After nearly three decades as a reporter, I accepted Kerry’s offer to join him at the State Department as he became the nation’s 68th secretary of state. It was tough to leave the only profession I had known, but I knew I’d regret it for the rest of my life if I turned down an opportunity available to so few people.
During the next four years, in which we traveled over 1.4 million miles to 91 countries and all seven continents, I came to appreciate not only the scope and reach of the nation’s first Cabinet agency, but the structure and history of diplomacy and its practice in the modern era.
I glimpsed some of the foibles in Kerry I had seen as a reporter, but I also gained fresh insight into his creativity, energy, and, most of all, his patience. Each of them served our national interest as he negotiated on behalf of our country.
President Obama believed the development of Iran’s nuclear program could result in a nuclear weapon, which would have a tremendously destabilizing effect on the Middle East. Not only could it inspire Islamic opponents such as Saudi Arabia to seek nukes of their own, but it might prompt Israel to stage a preemptive military strike against a country that refuses even to acknowledge its existence.
The Israelis had already launched an attack on an Iraqi nuclear facility in 1981.
In 2011, Obama endorsed Kerry as the then-senator traveled to Oman to feel out Iranian emissaries about the possibility of limiting their program to civilian purposes. In return, the United States would work with the international community to lift sanctions that had crippled Iran’s economy.
In the fall of 2013, after hard-liner Mahmoud Ahmadinejad had been replaced by the more moderate Hassan Rouhani as president of Iran, Kerry, as secretary of state, began negotiations with the Iranian foreign minister, Javad Zarif, on the outlines of a potential deal. During numerous days and nights in Geneva, the two inched toward an interim agreement, the Joint Plan of Action.
Just before Thanksgiving, they reached a deal. For the first time, Iran enacted curbs on its nuclear program. And an array of nations, including the United States, began the phased lifting of $7 billion worth of sanctions in return.
The agreement was set to last just six months, but as negotiations dragged, it was continually renewed — meaning Iran maintained the limits on its program even without a final agreement.
When that was reached, in July 2015, the Joint Comprehensive Plan of Action was not just with the United States, but with all of the permanent members of the United Nations Security Council, as well as Germany and the leadership of the 28-nation European Union.
When most people hear about the UN Security Council today, it’s because the United States, Russia, or China has vetoed one of the other’s resolutions. In this instance, though, there was rare unanimity.
In vowing to go alone, Trump is turning our country against an agreement it negotiated.

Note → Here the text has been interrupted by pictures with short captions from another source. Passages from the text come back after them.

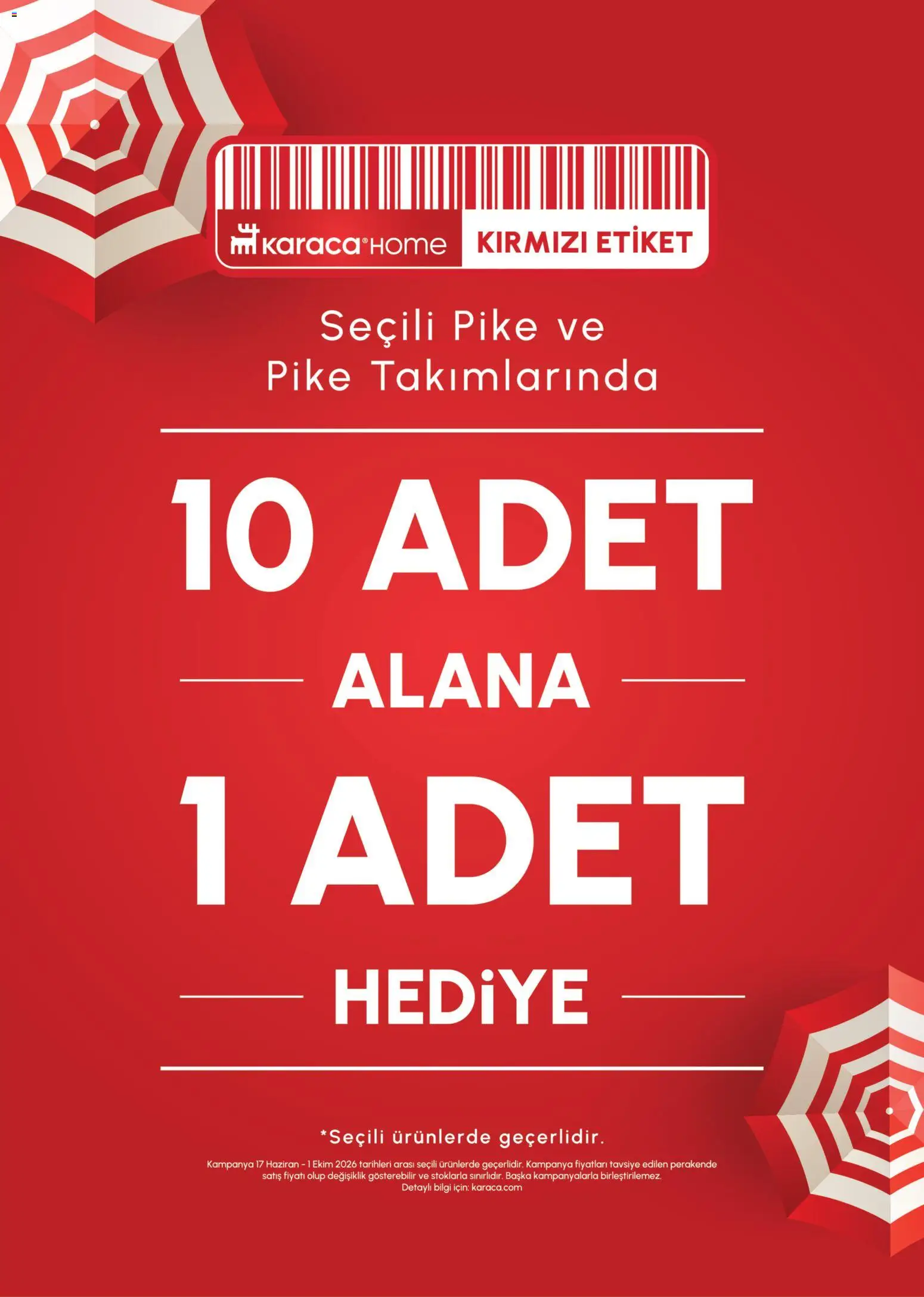 Karaca Home 10 Adet Alana 1 Adet Hediye - 17 Haziran 2026 tarihinden itibaren geçerlidir | Sayfa: 1 | Ürünler: Pike
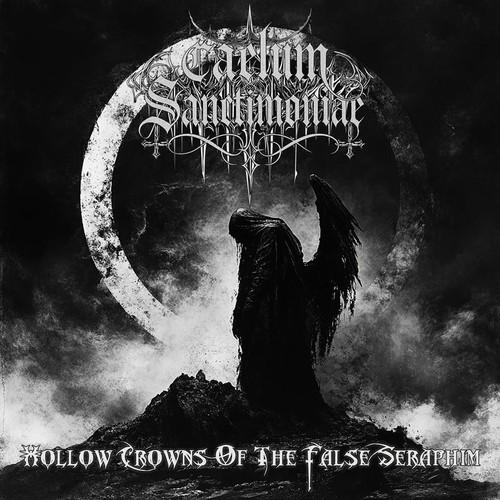 Caelum Sanctimoniae - Hollow Crowns of the False Seraphim (2025)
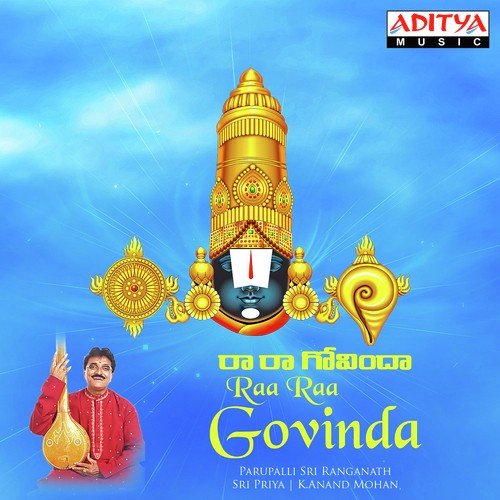 Raa Raa Govinda - Parupalli Ranganath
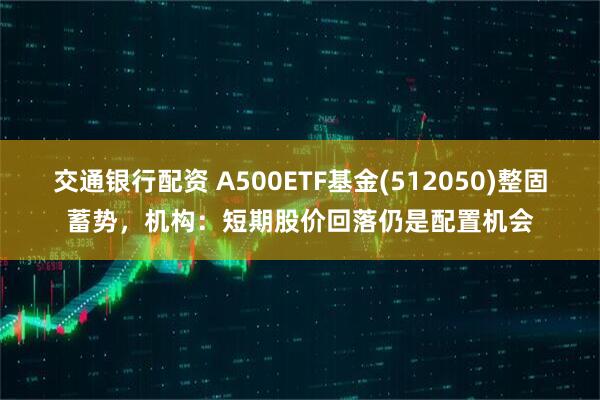 交通银行配资 A500ETF基金(512050)整固蓄势，机构：短期股价回落仍是配置机会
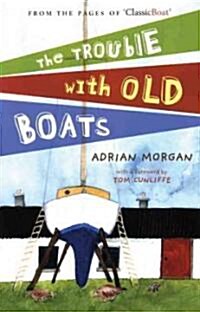 The Trouble with Old Boats (Paperback)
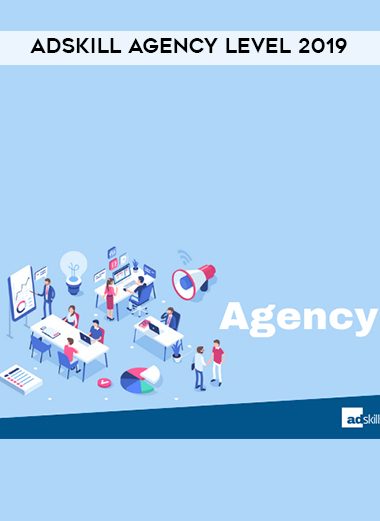 Adskill Agency Level 2019 courses available download now.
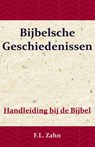 Bijbelsche Geschiedenissen - F.L. Zahn - 9789057194153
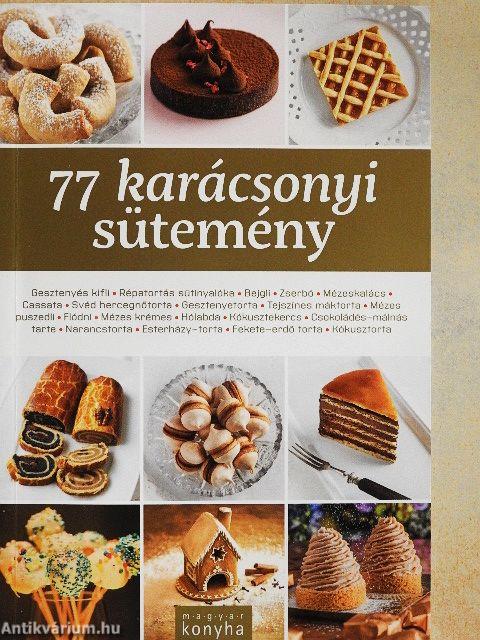 77 karácsonyi sütemény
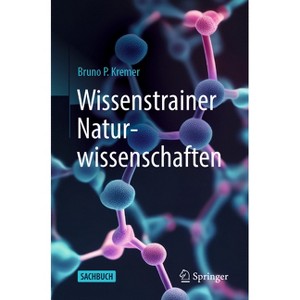 Wissenstrainer Naturwissenschaften - by  Bruno P Kremer (Paperback) - 1 of 1
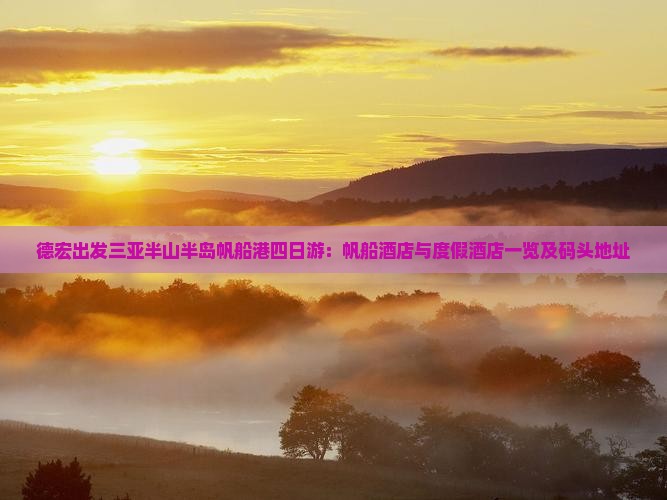 德宏出发三亚半山半岛帆船港四日游：帆船酒店与度假酒店一览及码头地址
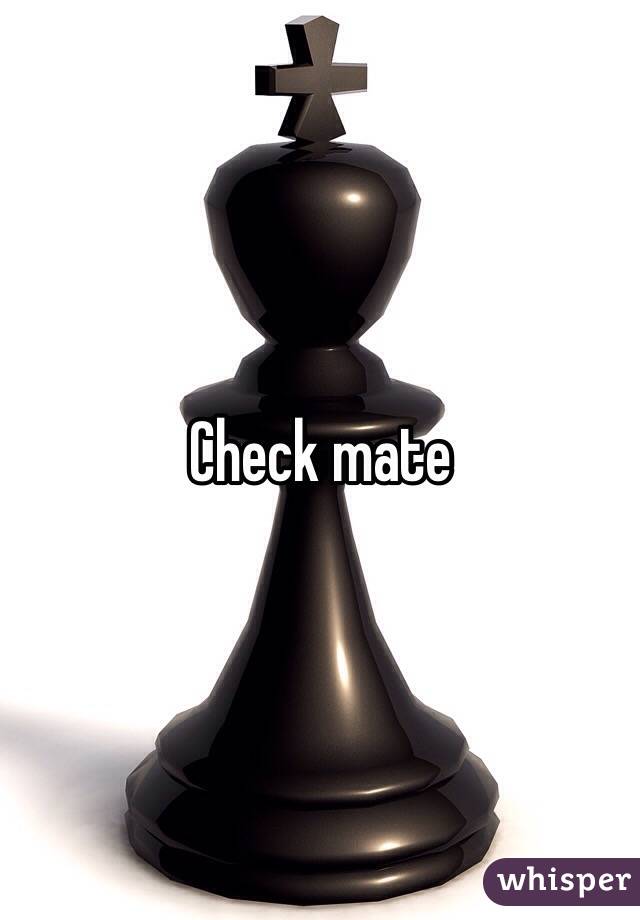 Check mate 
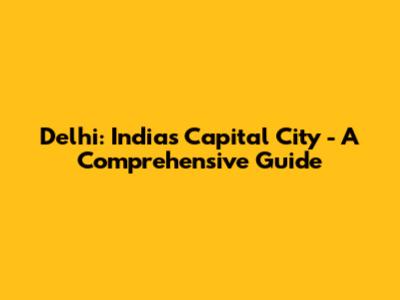 Delhi: India's Capital City - A Comprehensive Guide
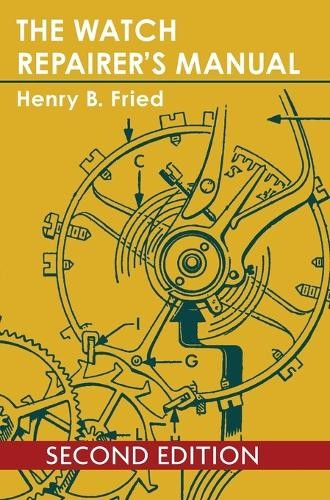 Henry B Fried The Watch Repairer’s Manual (Hardback) (UK IMPORT)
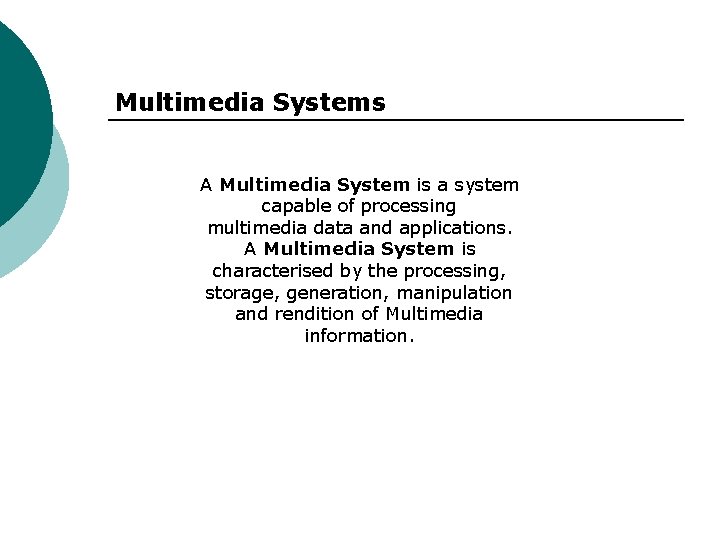 Multimedia Systems A Multimedia System is a system capable of processing multimedia data and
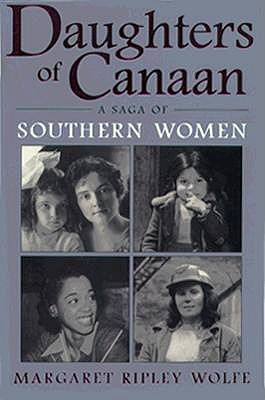Daughters of Canaan: A Saga of Southern Women (New Perspectives on the South)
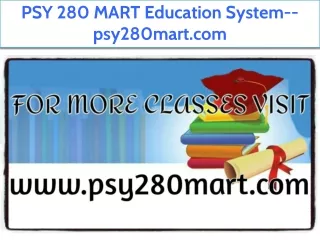 PSY 280 MART Education System--psy280mart.com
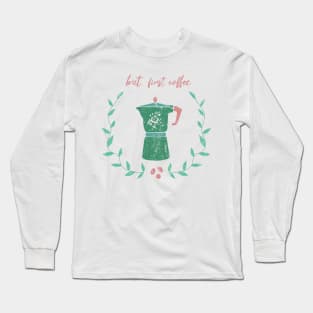 BUT FIRST COFFEE Long Sleeve T-Shirt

The others will remain parties to the deal, selling the Iranians their cars, airplanes, and weapons systems.
He will also buttress Iranian hard-liners, who argued the United States couldn’t be trusted, and gut the moderates who hoped that economic recovery would allow Iran’s burgeoning youth population to seek integration with the West, rather than being ostracized from it.
And the president will do so just before sitting down with Kim Jong Un of North Korea, a country that already has nuclear weapons, and asking him to dispose of them in exchange for promises of military and economic relief.
Along the way, Trump has tweeted about Kerry’s negotiating skills and even mocked him for breaking a leg while biking during a recess in the negotiations.
As someone who was present at the creation, I argue it does a disservice to the United States to abrogate an agreement we made to stave off a potential war, against the objection of our closest allies, and with spite toward a man who didn’t let a broken femur — far worse than a bone spur — keep him from serving his country.
Glen Johnson served as deputy assistant secretary of state for strategic communications from 2013-2017.